Everyone has heard of Ellis Island and the Irish, German, French, British, Scandinavian and other European immigrants, but we don’t hear much about the other immigrants: Angel Island and the Asians.  As you’re studying modern Chinese or American history, take some time to find out more about the massive immigration from Asia to California and other west coast locations.

This image show Chinese immigrants on board a steamship in the port at San Francisco.  Public domain.

Chinese experience was very different from the experience of European immigrants.  Neither group had it easy, any more than the original immigrants to America, the Pilgrims or the Jamestown settlers, had it easy, but the Chinese in particular had a more difficult time gaining entry and finding success once they got to America.

Timeline Exploration

Here’s a very brief timeline:

  • 1850’s Gold rush and a huge influx of Chinese immigrants
  • 1860’s Transcontinental railroad meant many jobs for Asian immigrants
  • 1870’s Tough economic times and Chinese driven from jobs and towns throughout the west
  • 1882: Congress passes the Chinese Exclusion Act, barring new Chinese immigrants, because of job shortages in America (but only Chinese were excluded)
  • 1906: San Fransisco earthquake and fire destroys records of Chinese immigrants, prompting the Chinese to pretend other Chinese were family members, thereby gaining them entry to the US
  • 1906-1943: Chinese were held for weeks or even years at Angel Island until officials were satisfied that they really had business in America.  Even then they were denied citizenship
  • 1943: Chinese Exclusion Act repealed and Chinese allowed citizenship

Library List

Read Landed by Milly Lee for a true life story of a young Chinese boy seeking to come to America with his father.

Young Chinese would come to America as “paper sons”, which meant they were the sons of their patrons only on paper.  They had to study hard to learn all the details of their “adopted families” lives and homes so they could answer questions put to them by American officials upon reaching Angel Island.  Make a study book of your family details.  Include the number of windows in your house, the number of rooms, which direction your bedroom window faces.  How far it is to the neighbor’s house and who the neighbors are.  What school do you go to and how far away is it?  Who is your teacher and what grades did you get last year?  Write down all your family members including cousins, aunts, uncles, and grandparents for three generations.  How much of that do you have memorized off the top of your head?  Now what if you had to memorize your best friend’s information instead of your own?  How hard would that be?

Coming to America Exploration

Find out what jobs Chinese immigrants might find once they got to America.

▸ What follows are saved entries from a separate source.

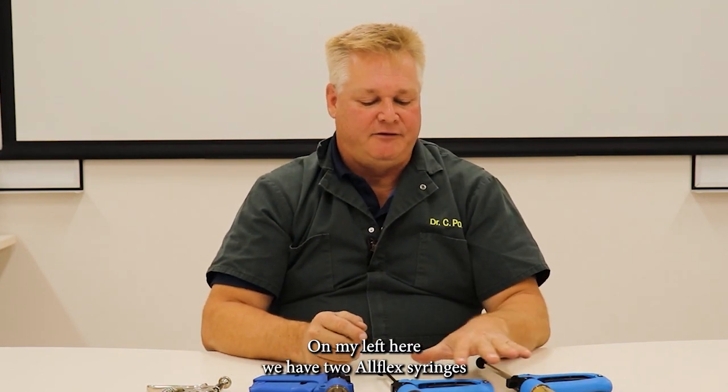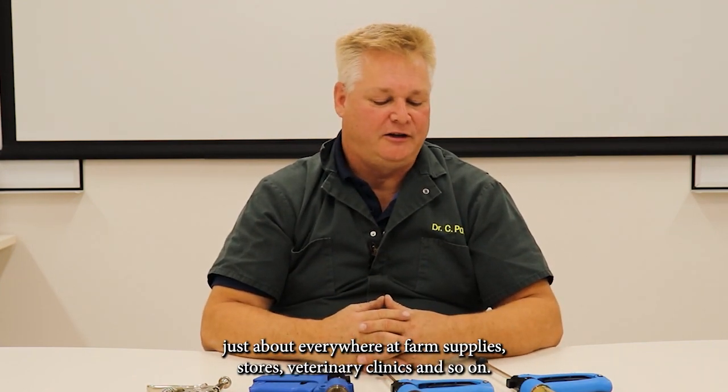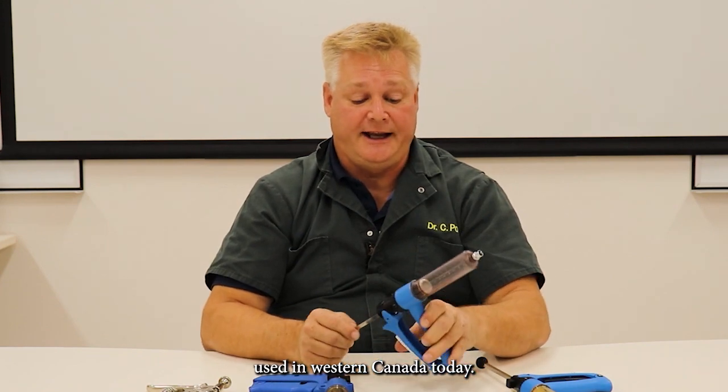On my left here we have two Allflex syringes. Allflex syringes are available just about everywhere — at farm supply stores, veterinary clinics, and so on. There are also a number of parts. This is probably the most popular syringe you'll see used in Western Canada today.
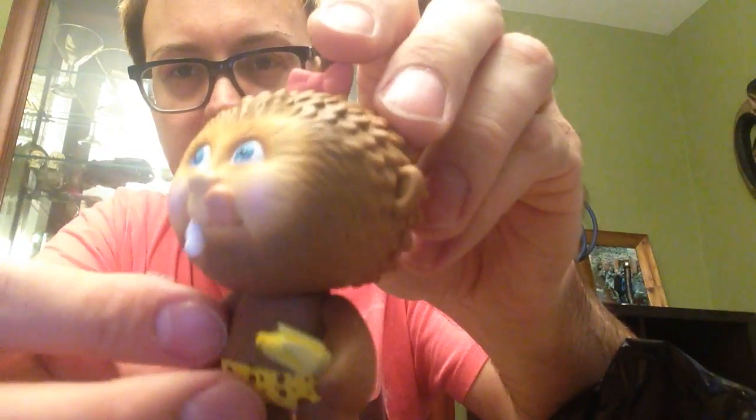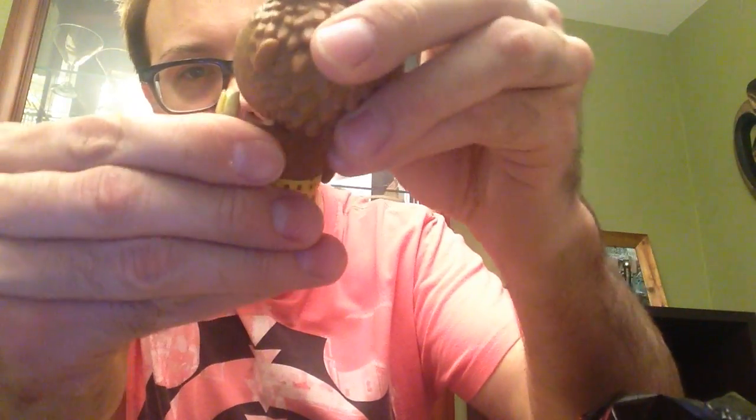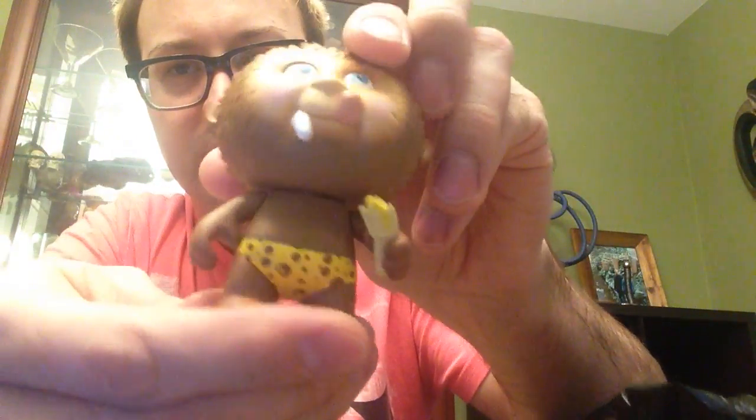The next one, I'm hoping I get Brainy Brian — that'd be great. But it's not who I got. This one's pretty cool though. This is Kim Kong. That's pretty neat. I like how she has a little banana she comes with. It's cute.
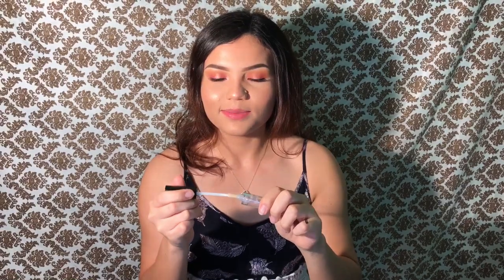This is NYC gloss — this is my favorite, it smells like paradise.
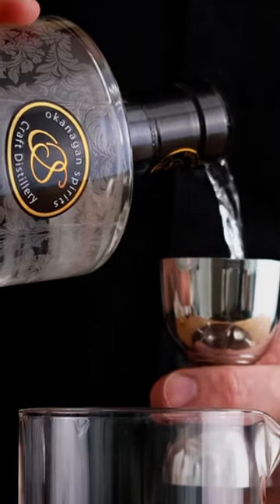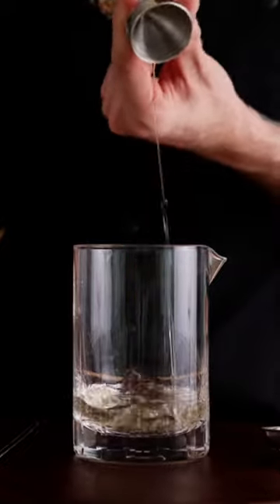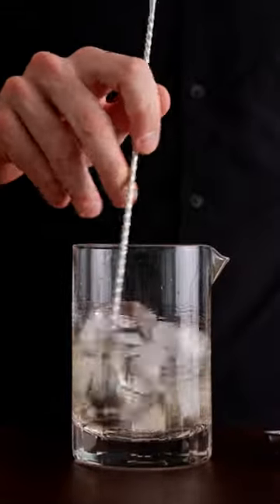All right, so first thing we are going to need is 60 mils of gin, then we'll need 15 mils of a sweet white vermouth, then we'll need 7.5 mils maraschino, four dashes of orange bitters, and then we're going to give a good stir.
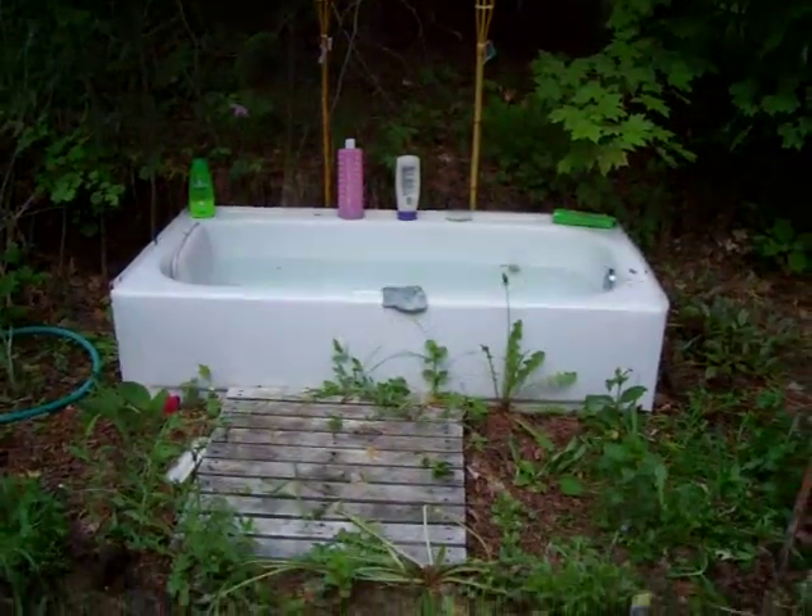Hello, I've got my bathtub all prepared. I've got this really smelly looking smoke coming out, but that's supposed to get rid of all these mosquitoes. There's a million of them out here. There we go, bathtub time.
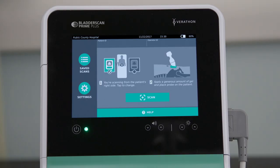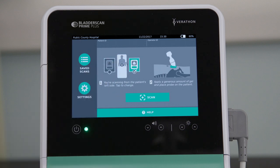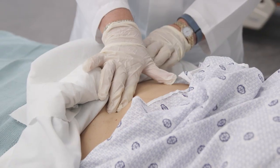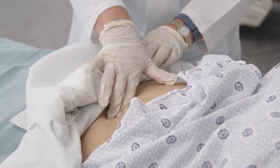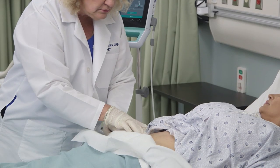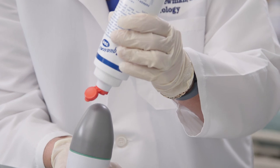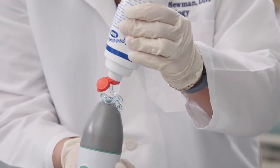Here are a few things to remember before scanning the bladder. You can perform a scan from either side of the patient. Prime Plus is preset to scan from the right side. To scan from the patient's left side, tap the icon to switch the orientation. Be sure to locate the pubic bone before placing the probe in position to scan. You will be aiming the probe toward the feet behind the pubic bone.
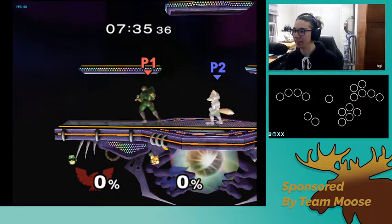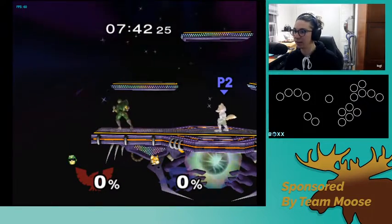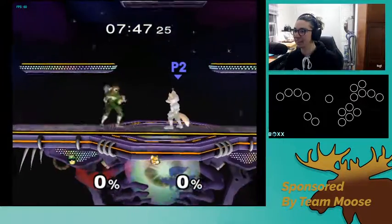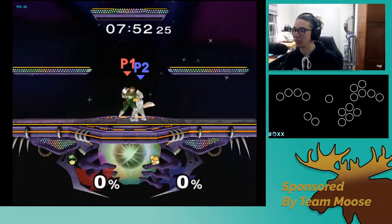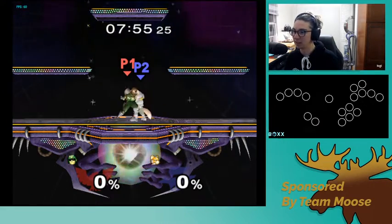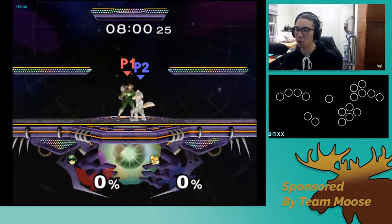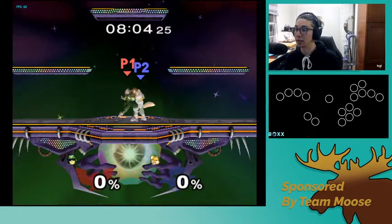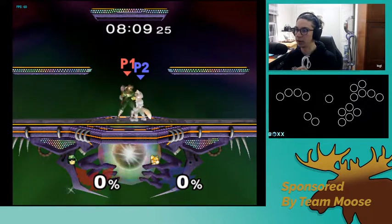So to start, on your left hand is your left trigger, all the way over here, and then you have left, down, and right. That's on your left hand, and then down here at the bottom you have mod X and mod Y. What these do is they modify your X axis and your Y axis. To know more specifically about what that does, I would check out the Box's website and what button combinations affect what and how drastically.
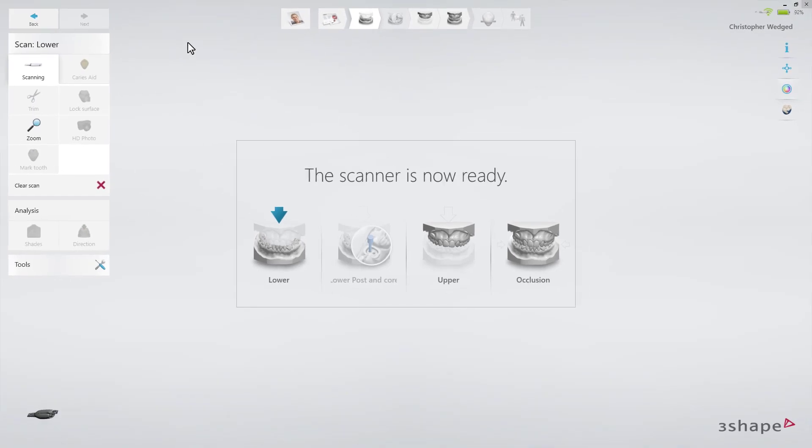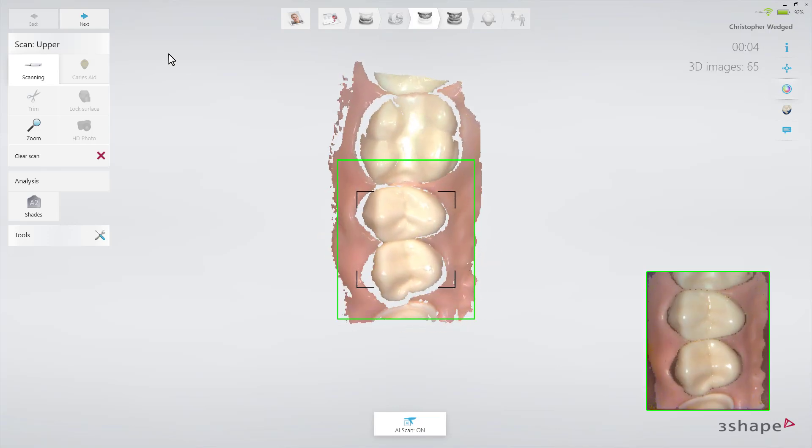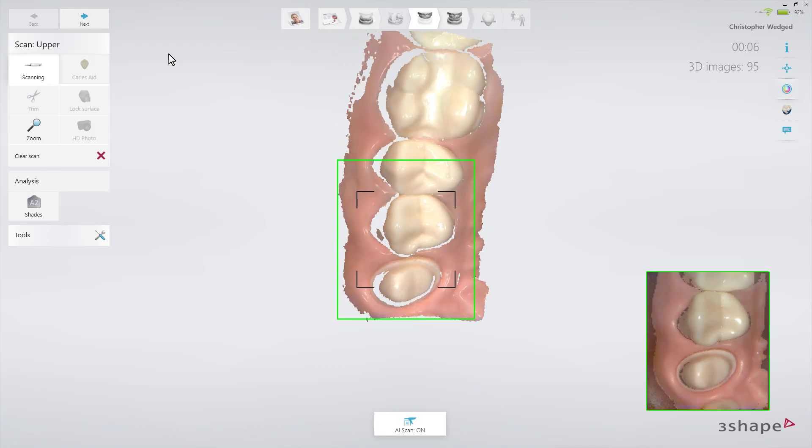First, use retraction cord and/or a hemostatic agent if parts of the margin line are subgingival. In this case, start by scanning the opposing arch to allow time for the retraction methods to take effect. As the preparation is on the lower arch in this particular case, start by scanning the upper arch.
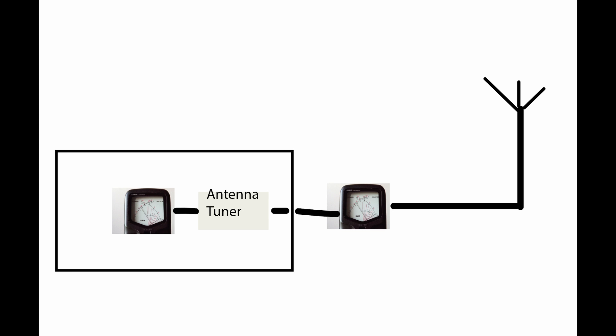Although most VHF and UHF transceivers won't have built-in antenna tuners, most HF ones do. It's highly likely you'll want that antenna tuner switched on because it gets rid of any VSWR that the transceiver sees, ensuring maximum power goes to the antenna system. Because as soon as the VSWR rises beyond a certain point — around 2 to 1 — your transceiver will start to reduce power to protect itself.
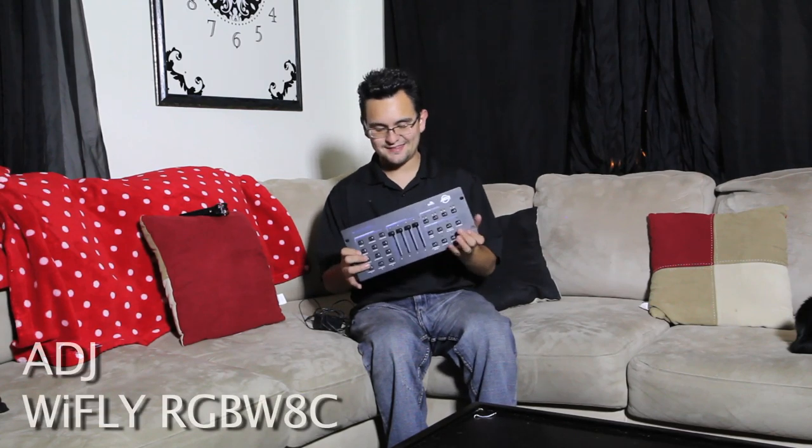My name is Arnaldo Offerman with Master School Dances, and today I believe I can Wi-Fly and so can you. So let's talk about the Wi-Fly RGB W8C — say that three times fast.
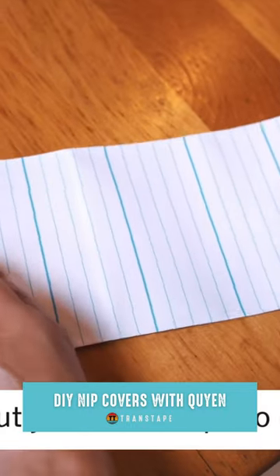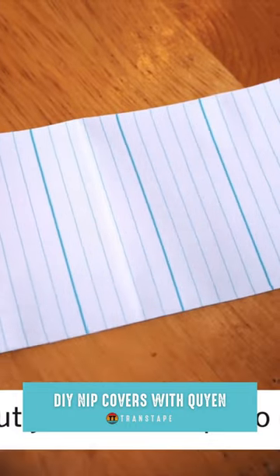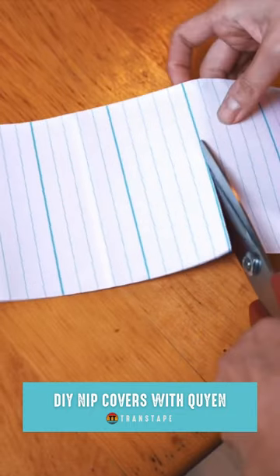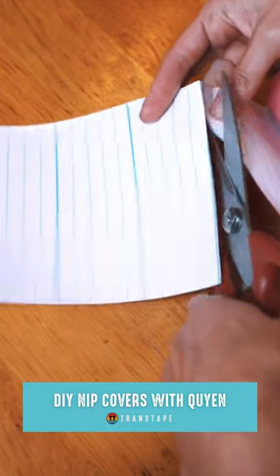I use the lines in the back to help me decide how big a strip I want to cut for myself, so that's three and a half there — for me, three and a half — and I use that as my guide.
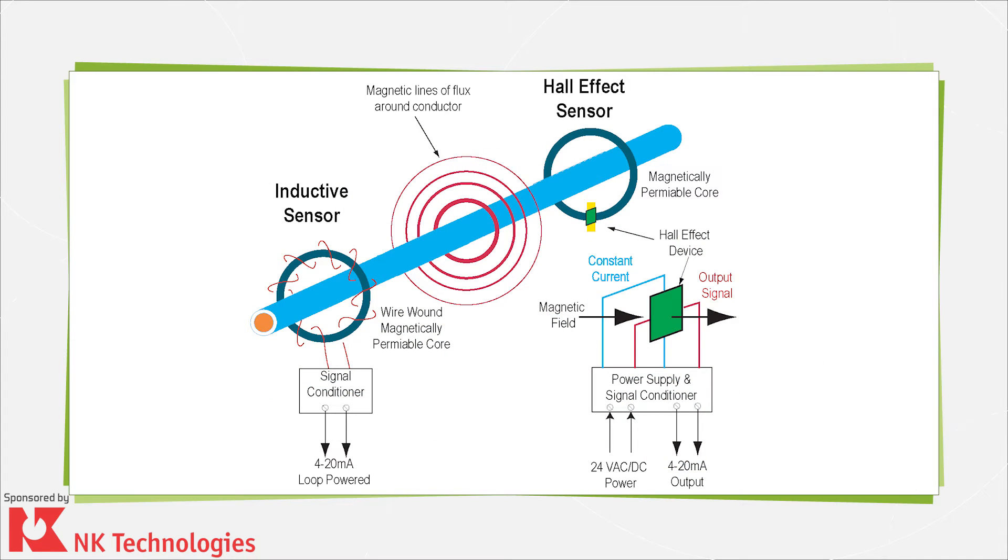To get an idea of how these current sensors work, consider a typical Hall effect sensor. A wire carrying the DC current goes through a magnetically permeable core, which is there to concentrate the wire's magnetic field. The Hall effect device sits in the core cross section at a right angle to the concentrated magnetic field. A constant current in the wire passing through the core excites the Hall device. When the energized Hall effect device is exposed to a magnetic field from the core, it produces a voltage that can be measured and amplified.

Why do you think they wanted to leave their homeland in the first place if America was so difficult?

Chinese gold miners in California.
Chinese gold miners in California. Public domain.

Find Angel Island on a map of California.  What information can you find out about it online?

Angel Island Immigration Station. Image in the public domain.

The U.S. Constitution requires the congress to establish a “uniform rule of naturalization”.  What do you think that means?  Has the congress always followed the Constitution?  Why do think this is so?

Additional Layers

  • America is currently having big problems with immigration.  After you have discussed what underlying principles should guide our government in immigration policies, discuss the current situation with your kids and what you think should be done now.
  • Almost every American has ancestors that immigrated from somewhere else.  Do you know when your ancestors stepped off the boat or crossed the border and where they were from?  See if you can find out.
  • During the years between 1850 and 1920, what was going on in China that made so many immigrants want to come to America?
  • What other immigration points besides Angel Island and Ellis Island existed in the 1800’s and 1900’s?  Put them on a map of the U.S. If you live near enough to an entry point take a tour.